Responder a essa pergunta aos nossos leitores não será fácil. Mas não é impossível. O primeiro passo é voltar à estaca zero. Logo depois da condenação de Moro, as atenções se voltaram para os três desembargadores do TRF4. Tanto repórteres quanto apoiadores de Lula e os seus adversários se debruçaram a esmiuçar o perfil de Paulsen, Santos e Laus, além de tentar saber tudo a respeito do presidente do TRF4, Carlos Eduardo Thompson Flores Lenz.
No início de janeiro, começaram a circular nos noticiários e nas redes sociais informações de que um dos desembargadores iria votar favoravelmente a Lula. Faltando uma semana para o julgamento, eu liguei para cinco adversários do ex-presidente que fazem parte do governo do presidente Michel Temer (PMDB-SP). Eles não só defenderam a ideia do placar de dois a um como lembraram que o próprio Temer havia afirmado à imprensa que a condenação de Lula seria usada pelos seus apoiadores para torná-lo uma vítima. E que o bom seria ele concorrer e ser derrotado nas urnas.
Na época, vasculhei os noticiários e as redes sociais em busca de qualquer declaração feita pelos três desembargadores. Não encontrei nada. Conversei com vários colegas repórteres sobre o assunto e ninguém havia conseguido descobrir grande coisa sobre o que iria acontecer no julgamento.
Aqui uma coisa interessante. As especulações sobre como iriam votar os desembargadores ao poucos foram substituídas por notícias que davam conta de que eles teriam sido ameaçados. E logo depois veio uma enxurrada de matérias sobre as medidas de segurança para a realização do julgamento.
Na cabeça dos apoiadores de Lula, dos seus adversários e da maioria dos jornalistas, o escore de dois a um era dado como certo. Isso salta aos olhos nas matérias que publicamos. Logo depois de confirmado a votação de três a zero, a primeira coisa que pensei: não combinamos com os russos, um jargão que entre os repórteres significa que se deve lembrar de consultar todos os envolvidos antes de se dar um fato como certo.

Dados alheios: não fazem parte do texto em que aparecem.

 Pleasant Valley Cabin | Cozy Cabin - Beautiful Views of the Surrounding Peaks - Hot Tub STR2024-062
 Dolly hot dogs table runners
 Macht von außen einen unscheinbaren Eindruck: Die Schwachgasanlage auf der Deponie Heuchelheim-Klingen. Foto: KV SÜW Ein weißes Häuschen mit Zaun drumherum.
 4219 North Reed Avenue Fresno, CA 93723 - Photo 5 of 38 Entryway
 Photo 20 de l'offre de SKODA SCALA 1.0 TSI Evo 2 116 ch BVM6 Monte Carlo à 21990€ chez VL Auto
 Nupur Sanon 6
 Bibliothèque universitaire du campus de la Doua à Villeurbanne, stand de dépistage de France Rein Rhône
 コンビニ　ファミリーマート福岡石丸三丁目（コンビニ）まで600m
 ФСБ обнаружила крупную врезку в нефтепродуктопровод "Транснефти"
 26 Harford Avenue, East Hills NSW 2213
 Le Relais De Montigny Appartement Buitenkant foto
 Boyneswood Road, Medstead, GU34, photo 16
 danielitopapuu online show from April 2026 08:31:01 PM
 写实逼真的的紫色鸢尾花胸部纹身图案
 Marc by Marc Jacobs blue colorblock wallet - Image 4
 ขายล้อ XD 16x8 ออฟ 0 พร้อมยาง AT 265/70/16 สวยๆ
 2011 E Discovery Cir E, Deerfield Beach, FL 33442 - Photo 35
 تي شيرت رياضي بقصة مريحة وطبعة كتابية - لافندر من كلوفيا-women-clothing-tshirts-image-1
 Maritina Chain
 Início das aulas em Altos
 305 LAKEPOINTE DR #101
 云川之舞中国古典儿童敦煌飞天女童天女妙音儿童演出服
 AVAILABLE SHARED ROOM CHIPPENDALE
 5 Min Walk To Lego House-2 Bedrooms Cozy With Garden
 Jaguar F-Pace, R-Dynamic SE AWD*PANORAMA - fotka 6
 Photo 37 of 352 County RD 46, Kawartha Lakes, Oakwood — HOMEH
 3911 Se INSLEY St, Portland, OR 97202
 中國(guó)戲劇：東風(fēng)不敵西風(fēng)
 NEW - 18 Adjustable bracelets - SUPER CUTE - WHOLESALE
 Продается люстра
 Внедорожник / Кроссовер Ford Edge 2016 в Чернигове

No caso, o lado principal não só ficou em silêncio como tomou o cuidado de não deixar vazar nenhuma informação.
Nos minutos seguintes ao voto unânime, começaram a brotar teses sobre o que havia acontecido. A que eu mais gosto é de teria havido um pacto entre os desembargadores. Os defensores dessa tese têm uma dezena de argumentos para sustentá-la. Mas é como a história do placar da votação de dois a um. Tudo não passa de “eu acho” e não ”tenho certeza”.
E é aqui que nós entramos. Aqui é que entra o trabalho do repórter. O que aconteceu antes, durante e depois da votação do TRF4 são informações que precisam ser apuradas em nome da exatidão jornalística. Saber como tudo aconteceu é uma exigência do nosso leitor. E dos estudiosos da história política do Brasil que são as pessoas que escrevem os livros didáticos que usados pelos nossos filhos nas escolas. Nós, repórteres, temos um belo desafio pela frente.